Who makes up the CSA board?
In theory, a president, vice-president, six provincial presidents chosen from the 14 affiliates, and five independent directors. The current president is Chris Nenzani, and the vice-president is Beresford Williams. Currently, there are only two independent directors, Marius Schoeman and Steve Cornelius, following the resignations of three others (Professor Shirley Zinn, Iqbal Khan and Dawn Mokhobo) and six provincial presidents along with president Chris Nenzani and Beresford Williams. Jack Madiseng of the Gauteng Cricket Board resigned last week. The remaining provincial presidents on the board are Zola Thamae (Free State), Tebogo Siko (Easterns), Donovan May (Eastern Province) and Angelo Carolisse (Boland)
Does that mean the board effectively appoints itself?
Just about. Almost half of the 14 provincial presidents that make up the Members Council are on the board. However, these presidents are obliged to act on the mandates of their respective provinces and at least three – Gauteng, Kwa-Zulu Natal and Western Province – have issued directives to their president calling on the board to step down.
Who is Chris Nenzani?
A schoolteacher from the Eastern Cape and former Border president, Nenzani was elected CSA President in 2013. He has already served two terms, the second of which was extended by a year in September 2019 by constitutional amendment. At the time, Nenzani argued his prolonged stay was aimed at bringing stability to CSA in the face of major changes and challenges including the domestic revamp, the new coaching structure and looming debt. Nenzani said CSA needed “sensible” leadership, which he could provide.
What kind of relationship does Nenzani have with the players?
A poor one. SACA have made repeated calls for Moroe and the entire board to step down and have refused to negotiate with any CSA panel that includes board members over any issue. Most recently, SACA said they would not engage with the Richardson committee over the domestic restructure, because the matter is sub-judice and needs to be resolved in court first.
Is SACA’s position likely to change with Tony Irish’s departure to England’s Professional Cricketers’ Association from 2020?
No. Irish’s successor Andrew Breetzke has been SACA’s head of legal and player advocacy since 2012 and will continue to push for the same demands.
What does this mean for the players?
On a day-to-day basis, SACA acts as a buffer for the players when it comes to dealing with administrative issues. However, the extent of the animosity in recent months has had an effect on the field, according to Smith, Boucher, and du Plessis.
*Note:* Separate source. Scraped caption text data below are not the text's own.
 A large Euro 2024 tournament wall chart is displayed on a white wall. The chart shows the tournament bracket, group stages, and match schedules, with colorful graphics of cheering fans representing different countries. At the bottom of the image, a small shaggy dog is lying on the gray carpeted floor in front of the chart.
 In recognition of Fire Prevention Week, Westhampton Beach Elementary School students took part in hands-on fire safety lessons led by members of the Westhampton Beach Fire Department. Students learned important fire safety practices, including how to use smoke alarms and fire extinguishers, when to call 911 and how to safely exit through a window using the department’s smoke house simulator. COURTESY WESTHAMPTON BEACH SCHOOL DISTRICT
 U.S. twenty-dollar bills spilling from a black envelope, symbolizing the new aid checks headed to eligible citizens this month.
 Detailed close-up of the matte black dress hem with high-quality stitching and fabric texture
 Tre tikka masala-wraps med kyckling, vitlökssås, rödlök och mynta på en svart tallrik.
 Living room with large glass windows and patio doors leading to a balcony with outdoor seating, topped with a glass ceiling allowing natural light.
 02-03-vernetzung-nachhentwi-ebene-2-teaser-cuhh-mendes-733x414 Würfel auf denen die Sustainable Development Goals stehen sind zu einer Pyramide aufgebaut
While it’s difficult to claim causality between these issues and results, South Africa’s poor on-field performances have coincided with the crises at CSA and the strained relationship with SACA.
How badly has the South African team done?
2019 has been an annus horribilis for them with five straight Test defeats, including a first-ever loss to Sri Lanka at home. As a result, they now sit at the bottom of the World Test Championship points table. South Africa also fell way below expectations at the World Cup, and were effectively eliminated after just five group-stage matches.